(As first published in Leasing News) On June 7, 2023, the Connecticut State Legislature passed an Act Requiring Certain Financing Disclosures, Senate Bill No. 1032 (“Law”). The Law (click to view) was signed by the governor and will go into effect on July 1, 2024. This makes Connecticut the sixth state to pass a law requiring commercial finance disclosures. Unlike California and New York’s commercial disclosure laws, the Connecticut Act does not require disclosure of the annual percentage rate.
While the bill bears some similarity to those passed in other states, it is limited in application to the merchant cash advance business so that the result is most similar to that of Virginia.
Under the Law, commercial financing means transactions of an extension of “sales-based financing” in an amount of $250,000 or less, provided it is for business purposes and not for personal, family or household purposes.
Sales-based financing is defined as a transaction repaid over time based upon sales or revenue or according to a fixed payment mechanism that adjusts based on sales or revenue. Thus, the law is limited to merchant cash advance business or any other transactions that resemble such format.
Transactions and entities exempt from the disclosure requirements are:
- Banks, credit unions, technology providers to exempt entities, lenders regulated under the federal Farm Credit Act;
- Transactions secured by real property;
- Those who extend or broker a lease as defined under the Connecticut Uniform Commercial Code(“UCC”);
- Providers of purchase-money obligations as defined under the UCC;
- Those who extend commercial financing credit 5 times or less in the state during a 12-month period;
- Providers of open-end credit plans of at least $50,000 to a dealer or a rental car company or affiliate;
- Persons who extend or broker commercial financing transactions for the sale of products or services that such person manufactures, licenses or distributes or whose parent company, subsidiary or affiliates manufactures, licenses or distributes.

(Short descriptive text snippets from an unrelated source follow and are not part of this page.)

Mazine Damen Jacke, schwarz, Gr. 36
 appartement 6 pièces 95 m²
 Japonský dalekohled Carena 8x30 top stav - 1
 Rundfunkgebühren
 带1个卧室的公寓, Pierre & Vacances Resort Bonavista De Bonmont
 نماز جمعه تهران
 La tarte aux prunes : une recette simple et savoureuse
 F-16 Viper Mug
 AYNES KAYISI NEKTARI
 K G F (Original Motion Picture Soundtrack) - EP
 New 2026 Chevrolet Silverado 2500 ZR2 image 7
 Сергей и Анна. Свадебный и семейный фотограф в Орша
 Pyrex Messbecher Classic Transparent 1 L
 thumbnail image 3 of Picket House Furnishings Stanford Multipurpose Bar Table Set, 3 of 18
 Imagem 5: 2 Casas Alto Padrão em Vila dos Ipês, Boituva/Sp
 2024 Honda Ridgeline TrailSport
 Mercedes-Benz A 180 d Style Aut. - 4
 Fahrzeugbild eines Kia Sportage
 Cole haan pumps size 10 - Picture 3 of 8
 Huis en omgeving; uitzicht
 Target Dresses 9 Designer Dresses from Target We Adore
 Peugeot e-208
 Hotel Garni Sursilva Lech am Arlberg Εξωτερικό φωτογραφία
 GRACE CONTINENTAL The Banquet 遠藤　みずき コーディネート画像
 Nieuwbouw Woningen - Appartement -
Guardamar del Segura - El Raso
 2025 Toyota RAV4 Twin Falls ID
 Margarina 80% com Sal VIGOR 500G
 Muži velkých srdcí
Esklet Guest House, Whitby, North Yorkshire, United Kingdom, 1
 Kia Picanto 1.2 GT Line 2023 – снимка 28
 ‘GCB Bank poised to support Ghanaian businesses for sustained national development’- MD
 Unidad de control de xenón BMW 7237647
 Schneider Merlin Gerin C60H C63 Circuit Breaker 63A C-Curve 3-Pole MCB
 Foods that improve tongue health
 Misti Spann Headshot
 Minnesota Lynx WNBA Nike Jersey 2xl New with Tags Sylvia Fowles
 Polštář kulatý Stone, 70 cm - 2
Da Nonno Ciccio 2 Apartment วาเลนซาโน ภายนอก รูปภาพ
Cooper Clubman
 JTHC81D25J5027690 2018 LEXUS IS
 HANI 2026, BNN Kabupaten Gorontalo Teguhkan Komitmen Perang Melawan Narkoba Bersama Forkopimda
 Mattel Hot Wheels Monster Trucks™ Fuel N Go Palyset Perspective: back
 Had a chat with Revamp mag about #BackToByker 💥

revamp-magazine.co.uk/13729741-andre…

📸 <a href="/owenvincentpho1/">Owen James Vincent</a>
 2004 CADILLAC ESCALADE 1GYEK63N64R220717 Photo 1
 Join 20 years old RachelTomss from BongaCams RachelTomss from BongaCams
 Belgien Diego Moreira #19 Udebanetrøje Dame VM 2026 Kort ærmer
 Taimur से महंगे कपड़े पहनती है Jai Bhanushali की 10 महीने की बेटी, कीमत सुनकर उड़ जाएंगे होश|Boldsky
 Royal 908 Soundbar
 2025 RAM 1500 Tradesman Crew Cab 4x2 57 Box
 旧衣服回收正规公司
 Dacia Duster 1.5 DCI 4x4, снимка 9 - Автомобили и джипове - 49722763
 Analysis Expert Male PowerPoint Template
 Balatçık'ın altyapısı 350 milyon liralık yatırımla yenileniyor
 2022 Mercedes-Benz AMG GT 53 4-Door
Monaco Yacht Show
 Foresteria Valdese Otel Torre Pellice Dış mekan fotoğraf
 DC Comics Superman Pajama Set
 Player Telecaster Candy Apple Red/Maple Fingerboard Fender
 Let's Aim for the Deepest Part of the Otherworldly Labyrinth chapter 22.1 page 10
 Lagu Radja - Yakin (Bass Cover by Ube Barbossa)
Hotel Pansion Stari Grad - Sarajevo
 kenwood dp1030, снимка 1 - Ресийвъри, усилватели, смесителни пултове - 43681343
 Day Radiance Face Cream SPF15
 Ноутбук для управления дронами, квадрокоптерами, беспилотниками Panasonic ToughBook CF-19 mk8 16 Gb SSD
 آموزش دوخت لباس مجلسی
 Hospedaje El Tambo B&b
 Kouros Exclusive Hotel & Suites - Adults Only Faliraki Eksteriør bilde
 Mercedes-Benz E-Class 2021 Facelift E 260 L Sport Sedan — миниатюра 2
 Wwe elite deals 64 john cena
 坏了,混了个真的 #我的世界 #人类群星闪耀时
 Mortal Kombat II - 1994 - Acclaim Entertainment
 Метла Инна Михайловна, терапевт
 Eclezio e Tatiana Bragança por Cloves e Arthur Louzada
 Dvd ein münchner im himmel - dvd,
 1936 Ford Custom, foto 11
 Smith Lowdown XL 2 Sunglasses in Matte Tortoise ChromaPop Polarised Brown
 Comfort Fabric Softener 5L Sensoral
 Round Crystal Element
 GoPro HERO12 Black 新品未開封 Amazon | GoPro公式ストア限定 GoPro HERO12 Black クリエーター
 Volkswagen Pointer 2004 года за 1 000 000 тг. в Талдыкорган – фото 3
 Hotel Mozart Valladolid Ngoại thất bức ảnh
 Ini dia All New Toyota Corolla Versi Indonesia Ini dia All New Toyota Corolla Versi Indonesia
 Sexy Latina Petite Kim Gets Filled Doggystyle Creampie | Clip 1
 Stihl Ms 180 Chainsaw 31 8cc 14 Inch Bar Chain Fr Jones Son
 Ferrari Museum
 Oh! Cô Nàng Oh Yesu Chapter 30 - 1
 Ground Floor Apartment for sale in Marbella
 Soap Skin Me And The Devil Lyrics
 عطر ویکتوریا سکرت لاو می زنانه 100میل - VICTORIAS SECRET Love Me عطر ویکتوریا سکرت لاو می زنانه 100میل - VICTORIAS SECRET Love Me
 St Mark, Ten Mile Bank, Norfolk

Providers of transactions are required to give written disclosures when the provider extends a specific offer for sales-based financing.
Information to be disclosed includes:
- The total amount of financing;
- The disbursement amount after any deductions or withholding;
- the finance charge; the total repayment amount which is the disbursement amount plus the finance charge;
- The estimated time period required for the periodic payments to equal the total repayment amount; the payment amounts;
- A description of any other potential fees and charges not included in the finance charge; any finance charge the borrower will be required to pay on early termination or a refinancing aside from interest accrued and any additional fees resulting;
- A description of the collateral or security requirements; whether a broker will be paid directly by the provider and the amount of such compensation.
The Law prohibits provisions in commercial financing contracts that waive the borrower’s right to notice, hearing or court order and such provisions will be unenforceable under the Law. Any offer provided after the effective date of the Law cannot be revoked, withdrawn or modified until midnight of the third calendar day after the offer was made. The Banking Commissioner may accept use of disclosures prepared in accordance with the laws of another state in lieu of the Connecticut disclosures, if the Banking Commissioner determines the other state’s disclosure meets or exceeds the Connecticut disclosure Law requirements.